Gary Barg: I appreciate you talking about your dad. I think when we talk about our families, and especially people in the public eye like yourself, it really makes a difference and brings people out who may be going through this. It is really a great service that you do. Could you tell us what PSP is?

Patricia Richardson: Progressive supranuclear palsy (PSP) is a neurodegenerative brain disease that has no known cause, treatment or cure. It affects nerve cells that control walking, balance, mobility, vision, speech and swallowing. We used to say movement disorder, but we have decided now to refer to it as a disease. That’s what it is and when you say a movement disorder, it does not sound as serious and deadly as it in fact is. It is a fatal disease. It is a fatal brain disease.

We did not even know my father had it, probably for the first five years. Towards the last probably full year he had it, and maybe even longer, I used to say to people that it was like he was mummified inside his body. He had the kind of PSP where the muscle cramps basically froze him. He was unable to move his face, eyes.
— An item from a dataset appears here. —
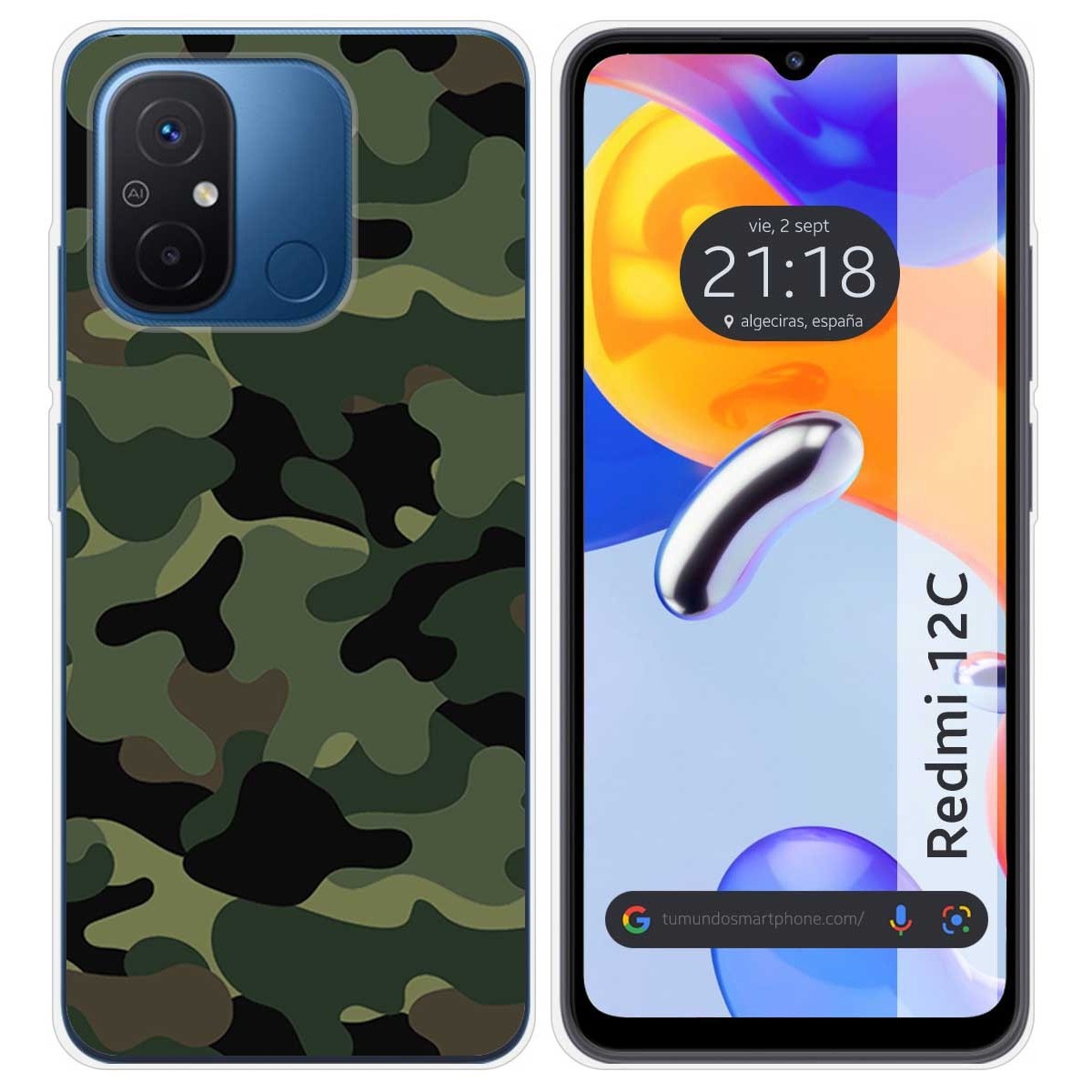 Funda Silicona compatible con Xiaomi Redmi 12C diseño Camuflaje Dibujos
Of course, he could not speak for more than the last year, probably the last two years, and he had a lot of difficulty swallowing.

We had never known how cognitive he had actually been because he could not communicate. Then when we did the autopsy, we found out that he had been a lot more cognizant than we realized. That was so upsetting to us, because there were times when we talked in front of him and did not think he necessarily really even understood what we were saying. Now we realize he did, and that he understood a lot more about what was going on around him than we realized at the time.

GB: That is a good lesson for everybody with a loved one dealing with cognitive disorders or movement disorders. We should try to be aware of what the person may or may not be processing. What kinds of treatments are being developed for PSP? What was being done for your dad?